Look at that beautiful open crumb!

This Focaccia bread is very versatile. It's great on its own or alongside a big bowl of hearty soup. But in a pinch, it's also great as a "pizza crust" :)

It's so simple: 4 ingredients + ample time = delicious and effortless bread! Kudos and a big Thank You to Alexandra from Alexandra's Kitchen for sharing this amazing recipe. The 3-min YouTube tutorial is spot on and very easy to follow.

I'll include my summary of the recipe here. For more detailed instructions, please visit Alexandra's blog or watch the YouTube video.

No-Knead Focaccia Bread

(lightly adapted from Alexandra's Kitchen)
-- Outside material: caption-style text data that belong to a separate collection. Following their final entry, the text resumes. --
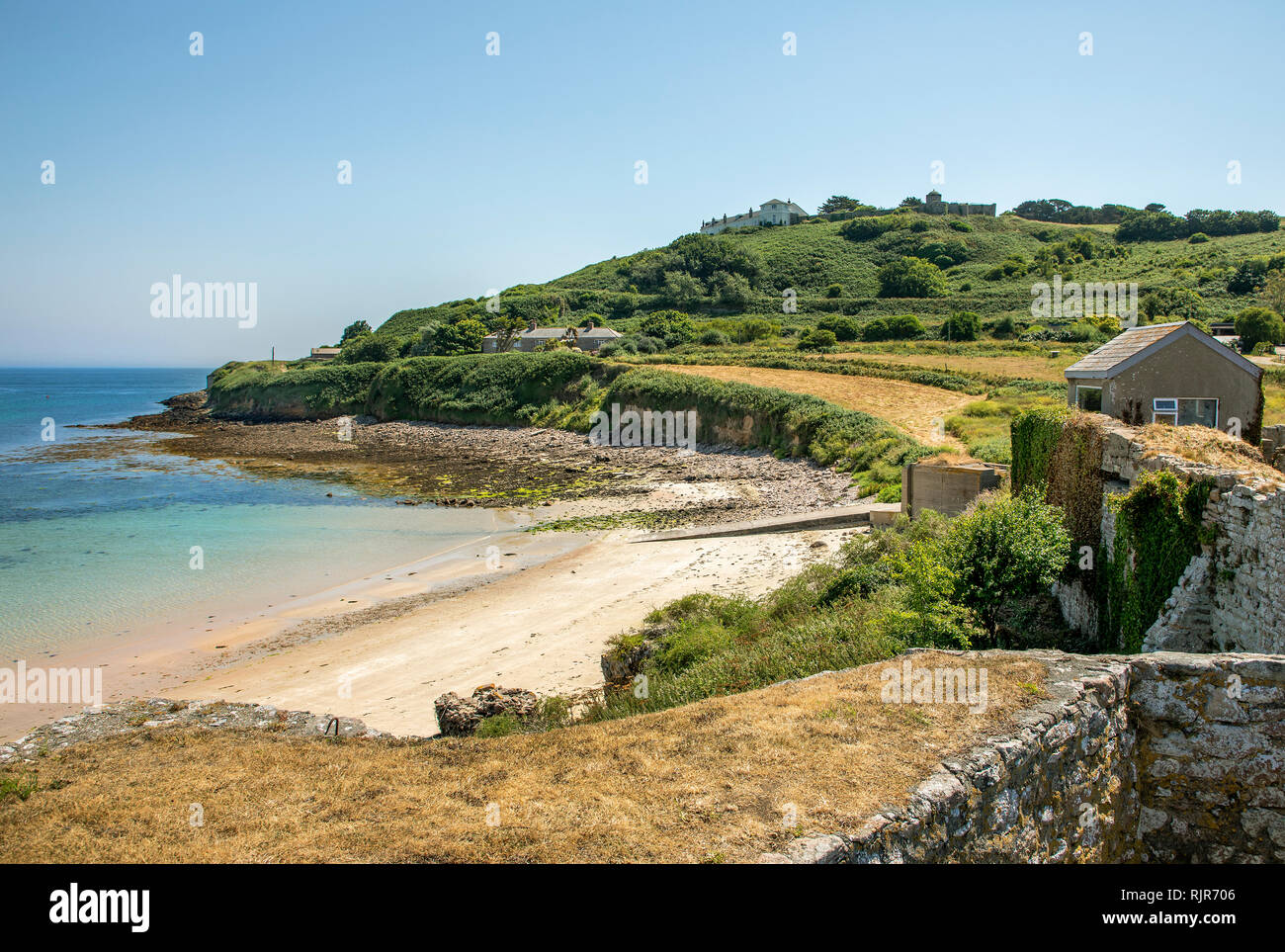 View south west along Longis Bay Alderney, taken from the walls of a Roman Fort built on an iron age site. Stock Photo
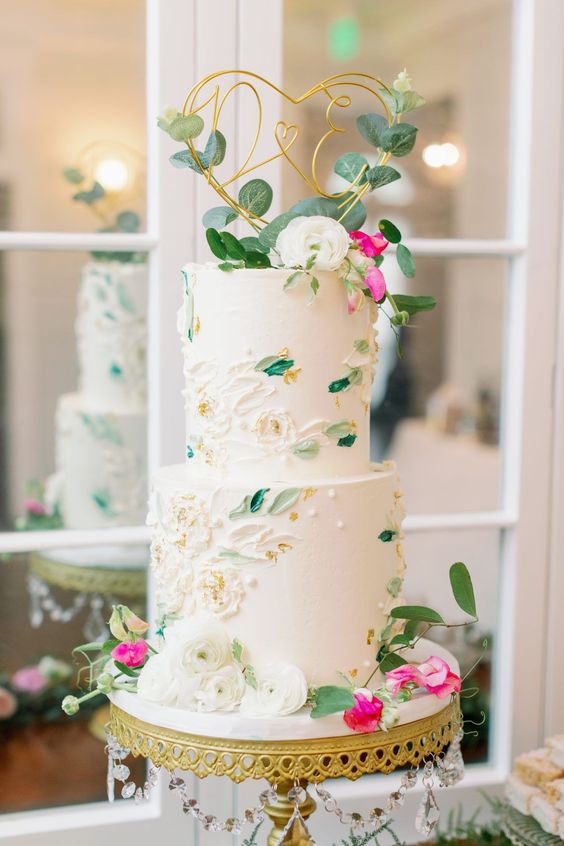 a fresh spring wedding cake with white sugar blooms and leaves painted, with gold foil and fresh greenery and blooms on top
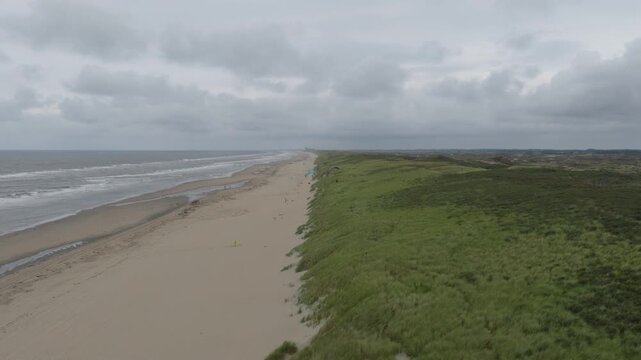 A professional drone shot moves forward over the Dutch coastline, revealing a paraglider entering the frame. The scene captures the grassy dunes and North Sea beach near Zandvoort under a grey sky.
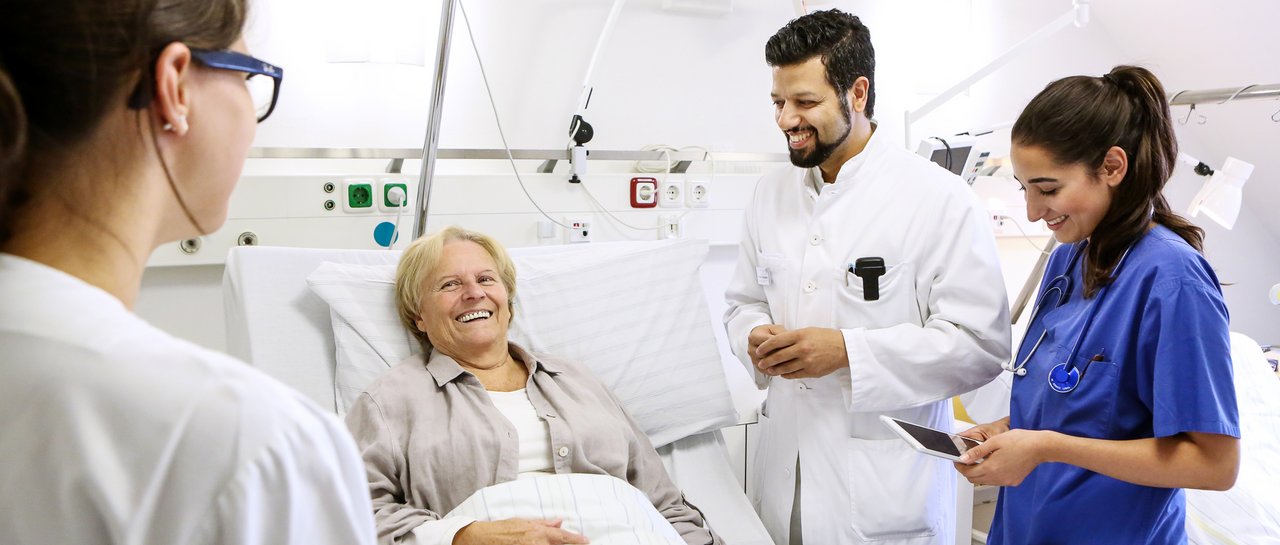 Ärzte und Pflegekräfte stehen um das Bett einer älteren Patientin. Alle unterhalten sich angeregt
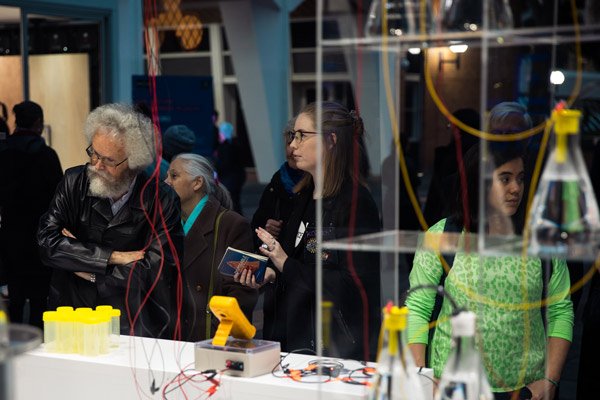 Guests view the Urinotron exhibit at the Science Dean's Winter Reception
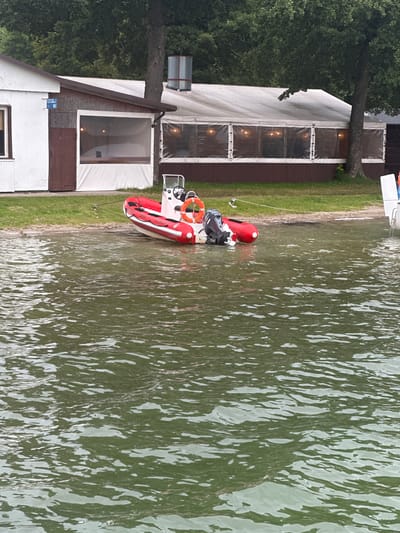 A red and white inflatable boat with a black outboard motor is tied to the shore of a body of water. The boat is positioned on the water's edge, with its bow facing left. A life preserver ring is visible on the boat's stern. In the background, there is a building with a white facade and a brown wooden door. Adjacent to this building is a covered outdoor seating area with clear plastic siding and lights inside. Trees and foliage form a dense green backdrop behind the structures. The scene is set on the shore of Lake Kłodno in Chmielno, Poland.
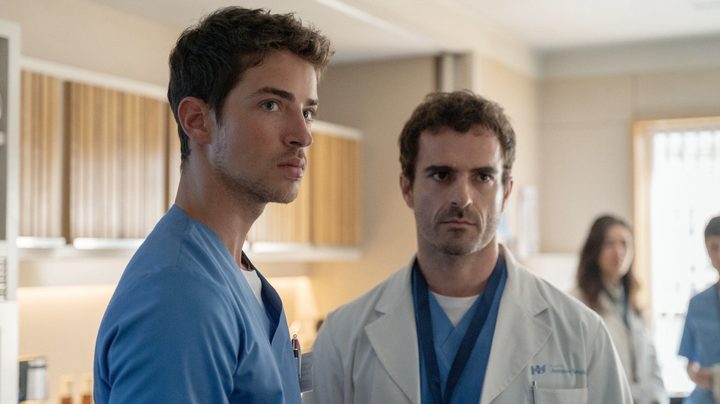 Two doctors look sternly ahead in Breathless.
  • 512 g All Purpose Flour (I used Organic All Purpose Flour by Central Mills from Costco)
  • 6 g salt
  • 6 g active dry yeast
  • 450 g lukewarm water
  • My schedule:
    • I usually start the dough around 8pm the day before I bake the bread.
  • Combine the dry ingredients in a medium sized bowl.
  • Add the lukewarm water and stir with a spatula until combine and there are no visible streaks of dry flour in the bowl.
  • Drizzle the top of the dough with some olive oil.
  • Cover the bowl with plastic wrap and refrigerate it overnight for at least 12-18 hours.
  • Remove the dough from the fridge.
  • Take your 9x13 pan and drizzle about 2 Tbsp of olive oil in it.
  • Do one round of Stretch-and-Folds to the dough and then place the dough in the baking pan.
  • Drizzle some extra olive oil on top and let it sit at room temperature for 2-4 hours until puffy and almost doubled in volume.
  • Preheat your oven to 425 F.
  • Put some olive oil on your hands and dimple the dough.
    • Optional: sprinkle the dough with some flaky salt or fresh herbs like rosemary.
  • Bake at 425 F for about 20-25 min until golden brown and the internal temperature registers at least 200 F.
  • Move the bread to a cooling rack and let it cool completely.
  • This bread stays nice and soft at room temperature for about 2-3 days.
  • For longer storage, I highly recommend freezing the bread. I like to cut the whole into 12 pieces and freeze them in Ziploc bags.
  • Eat as-is or toasted, with good olive oil or salted butter.
  • Use the bread to make sandwiches. We made pulled BBQ chicken and used the Focaccia to make sandwiches with it.
  • When you're here in a hurry, you can use the baked Focaccia as a pizza crust. Slice a piece of Focaccia in half lengthwise, spread some pizza or pasta sauce on it, add your favorite toppings, some shredded cheese, and bake it for about 15 min in a 400 F oven.


  1. Superb, this really is a perfect Focaccia. Thank you for your participation in World Bread Day.

    1. Thank you ☺️ And thank you for organizing another great WBD event, Zorra!